An event to commemorate the 75th anniversary of Indian Independence at the Capitol was turned into a celebration of their Hindu faith by organizers and attendees as group after group lustily chanted “Jai Sri Ram”.
A bulldozer rolled along a parade organized by a separate bunch of Indian Americans in New Jersey, in an unmistakable nod to its emergence as a symbol of the oppression of minorities in India.
The backlash continues to this day, with a coalition of Muslims, African Americans, and civil rights groups calling for the US authorities to investigate its organizers, which included the Overseas Friends of BJP.
Some Hindu Americans have been quietly promoting their faith and cultural accouterments for decades. Vishwa Hindu Parishad America, for instance, was founded in 1970 to, in the words of its website, “preserve, promote and practice those great universal and eternal values which were discovered and practiced by the Sages of Bharat”.
But this in-your-face Hindu assertion is new and has surprised and embarrassed moderate sections of Hindus. “I was shocked by the naked display of this Hindu assertion at the US congress event,” said one of the people who attended, speaking on condition of anonymity to be able to express his views freely.
Congress, incidentally, was a favored venue for many of these public displays of assertive Hinduism.
A group of Indian Americans hosted two events at the Capitol in 2022 to register their desire to shift the generic name of the community from Indian American, as the nearly 4 million Americans of Indian extraction have been called for decades, to Hindu American as some in the community have been advocating for long, but unsuccessfully until now.
One of the events was hosted by a group of prominent Indian Americans who said they were disappointed by the Indian government’s refusal to offer a robust criticism of Russia’s invasion of Ukraine and, they further argued, they did not want to take the backlash they suffered on behalf of the Indian government.

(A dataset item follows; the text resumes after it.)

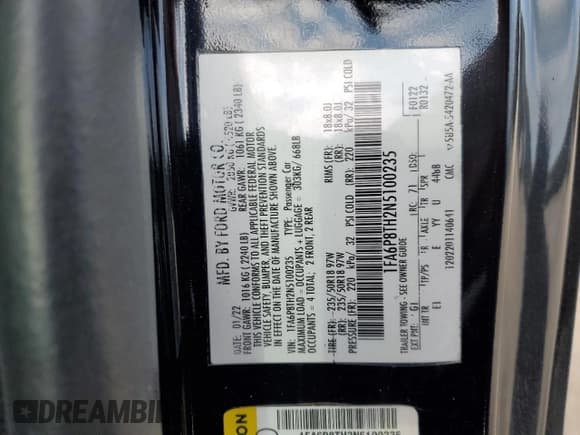 ✅ 2022 Ford Mustang EcoBoost • VIN: 1FA6P8TH2N5100235 • Lot: 80023215. Wystawiony na Copart z przebiegiem 68 041 mil. Bezpłatny archiwum sprzedaży aukcyjnych z USA i szczegółowy raport historii pojazdu na DreamBid. Zdjęcie 12.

These events were also motivated by a desire to project Hindu Americans as a political force in US politics, which was cited as a reason by the organizers for hosting at the Capitol, to deliver the message directly to lawmakers.
India-born immigrants continued to feel a strong link with their country of origin, but the second generation of Indian Americans feel less committed to this political part of their heritage — they feel they are American, born and raised in the US unlike their parents, uncles, and aunties.